══ SUPPLIED RECORDS ══

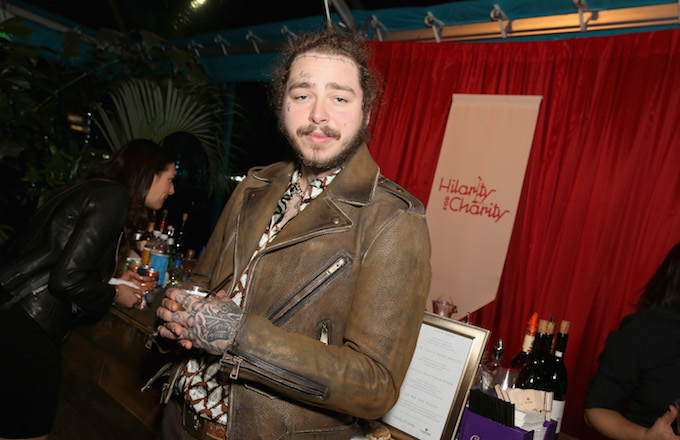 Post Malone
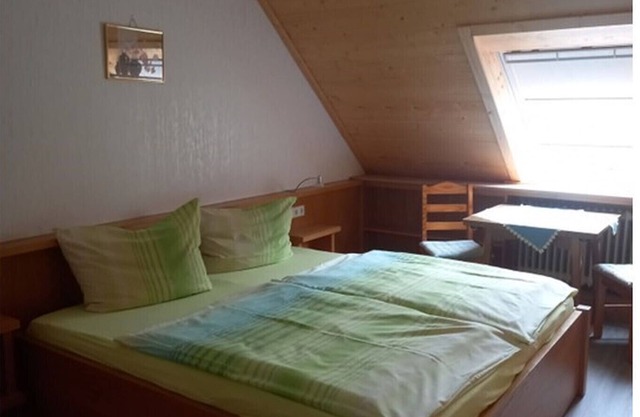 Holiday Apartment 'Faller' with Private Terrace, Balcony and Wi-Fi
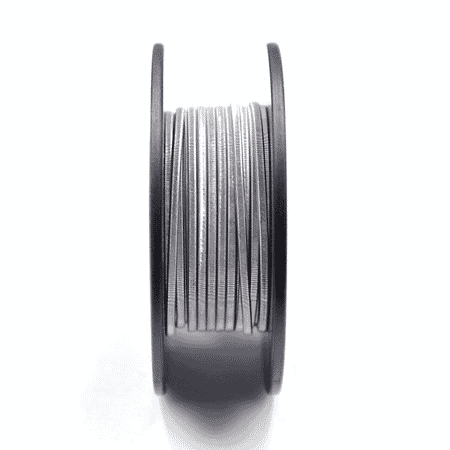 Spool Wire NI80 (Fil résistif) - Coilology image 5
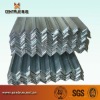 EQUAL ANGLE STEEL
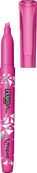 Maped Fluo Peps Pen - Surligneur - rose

═══

> ASSIGNED TASK
Output nothing except an exact copy of the records above, with the images left out.

> TASK ANSWER
 Post Malone
 Holiday Apartment 'Faller' with Private Terrace, Balcony and Wi-Fi
 Spool Wire NI80 (Fil résistif) - Coilology image 5
 EQUAL ANGLE STEEL
 Maped Fluo Peps Pen - Surligneur - rose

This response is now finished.